Clearly, the town’s fortunes are tied to those of the mine. But the mine won’t last forever, and will reach the end of its working life around 2025. What should Luanshya be doing in the meantime?

“The answer is economic diversification, and that can only happen with the right incentives and policies in place from central government,” says Kamanga. “There is a 10-year window of opportunity to get this right. Otherwise, when the mine closes, Luanshya will become a ghost town again. Businesses will close. People will leave. Livelihoods will be affected. And all the money presently being invested and spent here will have been wasted.”

This point is echoed by Simukondi Godwell, chairman of the Luanshya District Business Association. A body belonging to the Zambia Chamber of Small and Medium Business Associations, its members are mainly shop owners, contractors, suppliers, agro-businesses and market owners.

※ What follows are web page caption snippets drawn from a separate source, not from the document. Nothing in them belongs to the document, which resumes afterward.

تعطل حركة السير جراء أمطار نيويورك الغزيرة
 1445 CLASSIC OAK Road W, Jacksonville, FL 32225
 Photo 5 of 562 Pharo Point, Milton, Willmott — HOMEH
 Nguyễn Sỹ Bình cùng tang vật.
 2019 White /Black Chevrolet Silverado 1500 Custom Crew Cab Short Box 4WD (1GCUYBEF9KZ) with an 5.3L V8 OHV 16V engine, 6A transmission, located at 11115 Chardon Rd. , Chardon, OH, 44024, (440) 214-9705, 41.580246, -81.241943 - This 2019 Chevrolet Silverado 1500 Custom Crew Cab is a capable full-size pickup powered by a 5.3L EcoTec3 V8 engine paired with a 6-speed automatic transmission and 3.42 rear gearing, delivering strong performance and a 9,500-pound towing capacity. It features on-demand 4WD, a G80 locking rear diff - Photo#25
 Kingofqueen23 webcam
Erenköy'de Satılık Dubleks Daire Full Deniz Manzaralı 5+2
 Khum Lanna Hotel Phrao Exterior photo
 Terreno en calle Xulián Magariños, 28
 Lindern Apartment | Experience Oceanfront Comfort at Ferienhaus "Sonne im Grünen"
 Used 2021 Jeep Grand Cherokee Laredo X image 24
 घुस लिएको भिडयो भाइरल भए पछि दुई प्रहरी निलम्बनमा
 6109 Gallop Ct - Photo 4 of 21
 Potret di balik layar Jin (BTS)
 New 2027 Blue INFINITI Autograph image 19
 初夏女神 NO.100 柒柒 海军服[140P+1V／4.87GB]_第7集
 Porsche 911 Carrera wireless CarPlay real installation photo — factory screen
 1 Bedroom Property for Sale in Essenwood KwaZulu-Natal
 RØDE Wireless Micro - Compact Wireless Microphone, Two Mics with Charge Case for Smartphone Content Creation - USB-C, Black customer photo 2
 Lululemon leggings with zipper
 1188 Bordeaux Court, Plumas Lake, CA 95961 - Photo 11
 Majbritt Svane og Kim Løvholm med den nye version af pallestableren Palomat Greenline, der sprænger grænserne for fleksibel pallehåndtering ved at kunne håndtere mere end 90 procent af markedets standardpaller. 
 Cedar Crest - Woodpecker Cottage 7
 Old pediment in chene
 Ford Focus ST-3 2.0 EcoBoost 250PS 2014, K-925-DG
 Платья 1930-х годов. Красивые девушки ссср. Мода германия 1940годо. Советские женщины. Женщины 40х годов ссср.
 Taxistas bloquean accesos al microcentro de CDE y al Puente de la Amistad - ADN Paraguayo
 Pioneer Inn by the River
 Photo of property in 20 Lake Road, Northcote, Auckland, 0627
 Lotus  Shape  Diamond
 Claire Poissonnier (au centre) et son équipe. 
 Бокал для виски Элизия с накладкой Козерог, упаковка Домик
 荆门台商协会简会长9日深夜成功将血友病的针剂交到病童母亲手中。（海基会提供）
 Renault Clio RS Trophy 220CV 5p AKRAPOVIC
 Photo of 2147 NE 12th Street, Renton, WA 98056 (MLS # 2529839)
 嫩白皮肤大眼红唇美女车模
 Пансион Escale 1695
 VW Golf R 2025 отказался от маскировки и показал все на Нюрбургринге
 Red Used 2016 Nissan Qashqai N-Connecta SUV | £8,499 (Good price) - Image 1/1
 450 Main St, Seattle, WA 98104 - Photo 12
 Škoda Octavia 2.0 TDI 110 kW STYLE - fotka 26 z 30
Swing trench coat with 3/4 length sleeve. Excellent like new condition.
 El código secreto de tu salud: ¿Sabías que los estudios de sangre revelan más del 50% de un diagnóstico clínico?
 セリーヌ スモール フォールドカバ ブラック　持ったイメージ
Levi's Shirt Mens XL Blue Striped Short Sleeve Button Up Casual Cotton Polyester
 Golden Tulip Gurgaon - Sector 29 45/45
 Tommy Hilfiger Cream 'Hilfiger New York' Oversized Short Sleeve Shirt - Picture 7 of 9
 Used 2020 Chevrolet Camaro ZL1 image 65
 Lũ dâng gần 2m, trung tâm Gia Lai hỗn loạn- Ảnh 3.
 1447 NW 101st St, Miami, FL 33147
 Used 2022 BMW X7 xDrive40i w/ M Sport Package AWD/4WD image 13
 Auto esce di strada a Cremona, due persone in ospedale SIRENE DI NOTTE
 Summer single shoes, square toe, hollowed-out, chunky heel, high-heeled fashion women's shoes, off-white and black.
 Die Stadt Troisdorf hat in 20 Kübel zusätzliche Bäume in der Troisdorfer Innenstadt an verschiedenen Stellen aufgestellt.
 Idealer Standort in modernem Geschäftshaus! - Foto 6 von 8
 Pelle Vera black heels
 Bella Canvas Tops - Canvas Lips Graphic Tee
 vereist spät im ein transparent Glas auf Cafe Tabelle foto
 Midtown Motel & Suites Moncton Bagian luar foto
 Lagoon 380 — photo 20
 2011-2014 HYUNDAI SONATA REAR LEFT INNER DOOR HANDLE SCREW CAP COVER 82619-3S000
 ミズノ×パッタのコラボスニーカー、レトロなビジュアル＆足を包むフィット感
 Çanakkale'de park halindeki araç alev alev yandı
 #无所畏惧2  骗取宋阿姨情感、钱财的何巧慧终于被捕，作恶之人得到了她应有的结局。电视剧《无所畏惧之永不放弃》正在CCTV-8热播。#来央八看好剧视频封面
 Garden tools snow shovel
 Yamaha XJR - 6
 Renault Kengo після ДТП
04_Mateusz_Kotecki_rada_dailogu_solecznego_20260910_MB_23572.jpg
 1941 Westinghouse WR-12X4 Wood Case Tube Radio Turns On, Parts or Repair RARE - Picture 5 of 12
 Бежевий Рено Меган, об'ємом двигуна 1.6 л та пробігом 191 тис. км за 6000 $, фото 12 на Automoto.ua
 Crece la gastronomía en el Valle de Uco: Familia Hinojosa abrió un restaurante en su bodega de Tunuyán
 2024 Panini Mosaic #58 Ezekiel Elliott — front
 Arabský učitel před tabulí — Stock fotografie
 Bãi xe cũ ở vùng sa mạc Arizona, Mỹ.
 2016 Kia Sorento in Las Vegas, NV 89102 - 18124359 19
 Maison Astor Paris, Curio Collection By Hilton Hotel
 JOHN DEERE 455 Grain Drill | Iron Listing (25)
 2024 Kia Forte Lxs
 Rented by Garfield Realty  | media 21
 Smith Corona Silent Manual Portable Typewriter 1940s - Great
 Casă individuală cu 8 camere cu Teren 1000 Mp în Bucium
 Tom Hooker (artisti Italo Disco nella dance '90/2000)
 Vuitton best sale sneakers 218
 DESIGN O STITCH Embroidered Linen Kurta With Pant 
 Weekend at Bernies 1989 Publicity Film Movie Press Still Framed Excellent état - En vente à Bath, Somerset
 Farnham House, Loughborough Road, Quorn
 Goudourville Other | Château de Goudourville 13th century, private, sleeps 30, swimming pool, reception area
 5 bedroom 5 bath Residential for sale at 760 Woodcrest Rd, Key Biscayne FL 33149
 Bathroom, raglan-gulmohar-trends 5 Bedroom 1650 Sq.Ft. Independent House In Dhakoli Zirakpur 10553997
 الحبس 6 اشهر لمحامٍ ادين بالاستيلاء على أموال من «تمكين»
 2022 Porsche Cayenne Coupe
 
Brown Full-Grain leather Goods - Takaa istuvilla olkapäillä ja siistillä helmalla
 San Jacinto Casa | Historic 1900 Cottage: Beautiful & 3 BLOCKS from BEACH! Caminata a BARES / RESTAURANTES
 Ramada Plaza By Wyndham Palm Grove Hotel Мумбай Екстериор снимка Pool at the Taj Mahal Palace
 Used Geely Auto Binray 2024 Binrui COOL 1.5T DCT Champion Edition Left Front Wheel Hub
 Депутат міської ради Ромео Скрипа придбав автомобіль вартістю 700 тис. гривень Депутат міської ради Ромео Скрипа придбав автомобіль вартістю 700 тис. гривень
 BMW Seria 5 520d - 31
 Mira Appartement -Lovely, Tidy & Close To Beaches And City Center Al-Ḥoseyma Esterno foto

“Government needs to create the financial and tax incentives that will make Luanshya an attractive business destination in its own right,” says Godwell. “Once large, sustainable businesses are operating here, they will create countless opportunities for smaller businesses and suppliers to feed off.”

Like many of his colleagues in the Luanshya District Business Association, he sees agriculture as offering the most potential to investors. “We can develop agro-businesses here and feed the nation. What crop doesn’t grow in this region?”

Ultimately, says Godwill, a diversified Luanshya economy capable of outliving the closure of the mine comes down to political will on the part of government. “If there is political will, there won’t be a problem. We will grow. But with no political will, nothing will happen.”

The gauntlet has been thrown down. In the meantime, businesses continue to invest in Luanshya, people continue to move to the town, and CNMC Luanshya Copper Mines continues to produce copper for world markets.